Class blog for "The Unstable Nucleus" at the School of the Art Institute of Chicago

Wednesday, September 24, 2014

Tuesday, September 23, 2014

Paintings Made by Hiroshima Survivors

Masahiko Nakata - Bloated Bodies in the River Over Yokogawa Bridge. 1973-4.

Satoshi Yoshimoto - Black Rain: Something Slimy Covered My Body. 1973-4.
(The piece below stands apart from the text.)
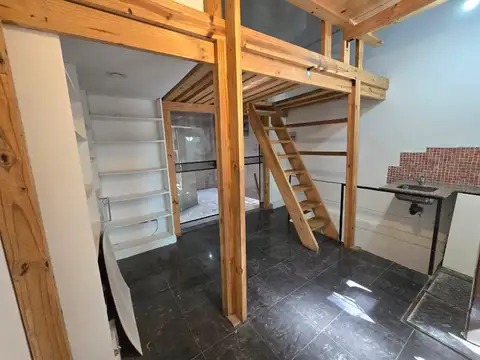 Depto Tipo Casa en Venta al Este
The BBC wrote a very short article on an upcoming show in Manchester that will be featuring several pieces made by Hiroshima survivors. These were created about thirty years after the day the bomb was dropped (August 6th, 1945), in the mid 1970's. I think it's really interesting that the artists made them at a much later date- I wonder how having more time to process what happened may have influenced their depiction.

Full article:

-Ava Threlkel

Friday, September 19, 2014

Thursday, September 11, 2014

Japan Restarting Nuclear Reactors

A man shouts in protest September 10, 2014 as Japan's Nuclear Regulation Authority (NRA) unanimously approves the restart of two nuclear reactors in the Sendai plant in southern Japan. Although this is a huge step towards boosting Japan's nuclear industry after the Fukushima disaster of 2011, nuclear power advocate Prime Minister Shinzo Abe faces an uphill battle as the operator, Kyushu Electric Power, still needs the approval of local authorities and the surrounding communities.
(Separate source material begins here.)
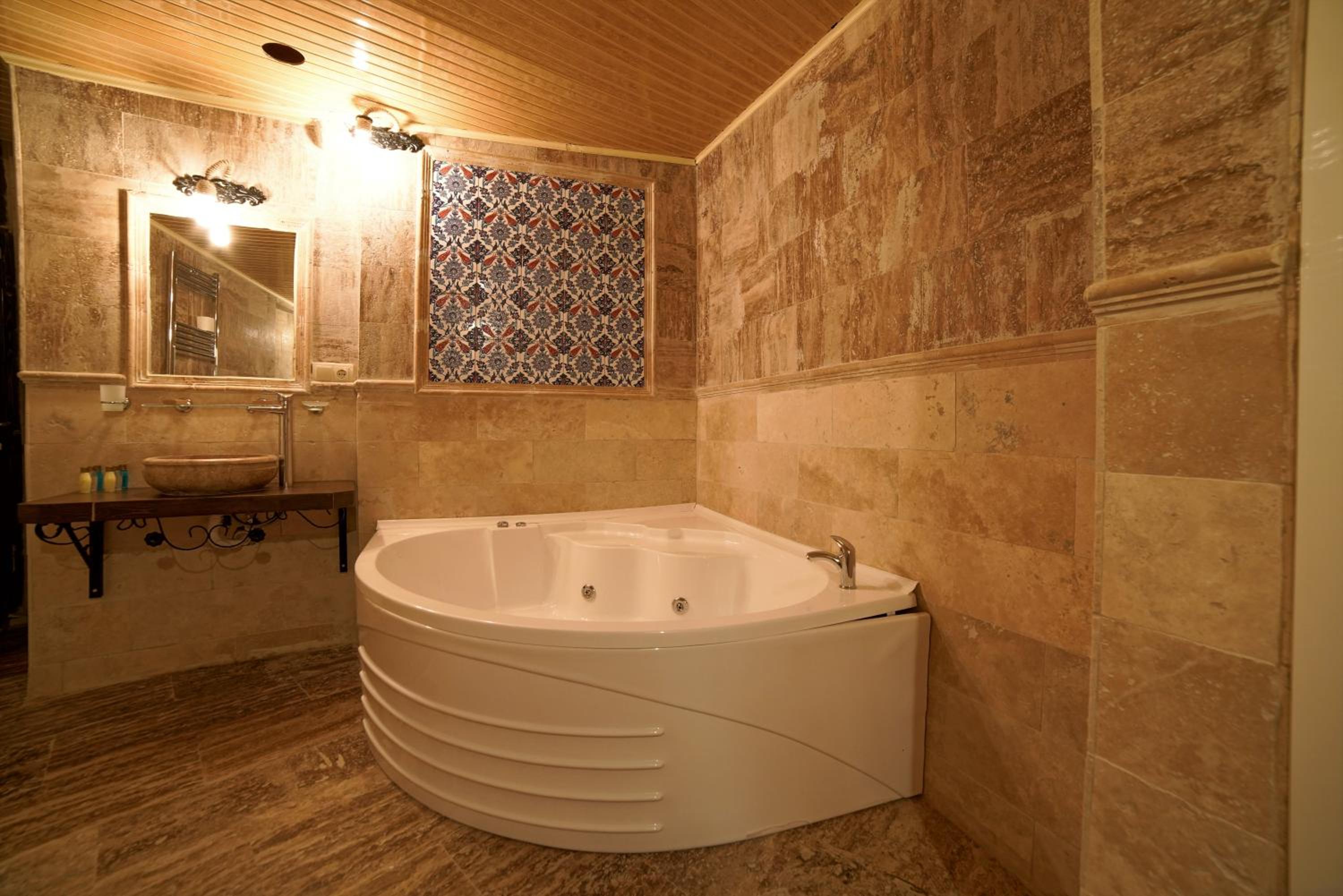 King Room with Spa Bath - Photo 2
Check out this article for details on how the two reactors are the first to restart under the tighter safety regulations. For in depth details on community concerns check out this article.

-Connie C.

Thursday, September 4, 2014

NATO summit starts today

This is a good time to remind ourselves about what NATO is, because there's a summit underway in Wales starting today.  One of the big topics under discussion is the crisis in Ukraine.  There's a lot of history and complexity to these issues, but the conflict with Russia that's taking place right now definitely relates to the history and current dynamic between nuclear powers.  I'm still absorbing it, but I found this analysis and opinion piece from Salon interesting. 

Nuking the moon?

In class last week, someone asked a question about whether there are enough nuclear weapons to destroy the moon.  For comparison of size, here is a NASA image (distances not to scale obviously):

In class we talked about how there are not enough nuclear weapons to destroy the earth, and similarly there are not enough to "destroy" the moon (certainly not enough to blow it up, and probably also not enough to make a mess of the whole surface either).  Are there enough to knock the moon out of orbit?  No, not that either (here's an article on that idea).  
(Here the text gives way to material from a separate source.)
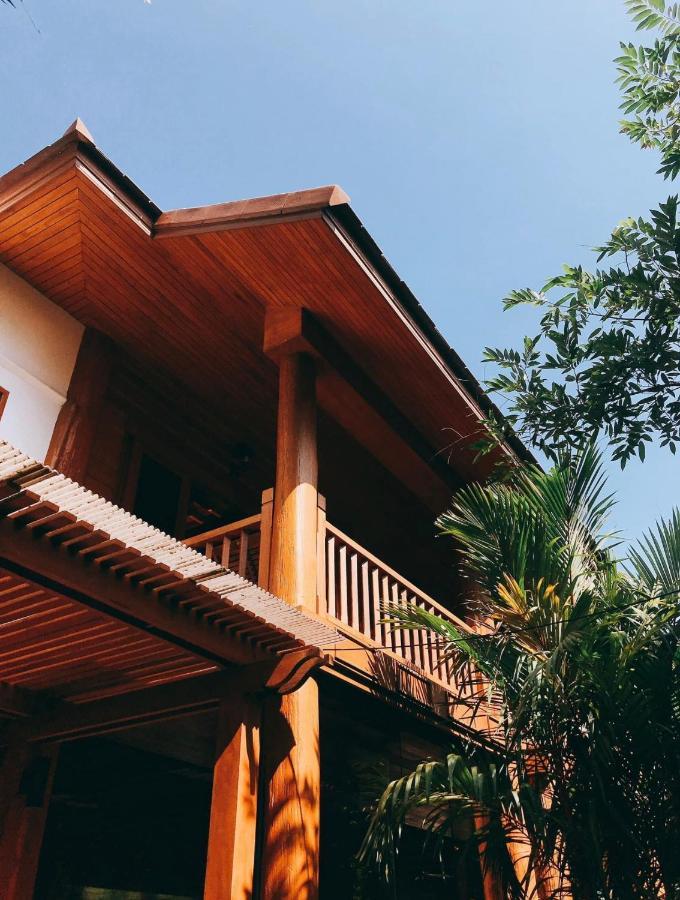 Vanasin Residence Tak Exterior photo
In the 1950s there was apparently a project within the U.S. military to consider the idea of detonating one nuclear weapon on the moon.  This would have been an experiment to test out the idea of space-based warfare, as well as a demonstration project to show our military capabilities to the Soviet enemy.  But thankfully the project was dropped.  Here's a CNN blog posting on the top-secret plan.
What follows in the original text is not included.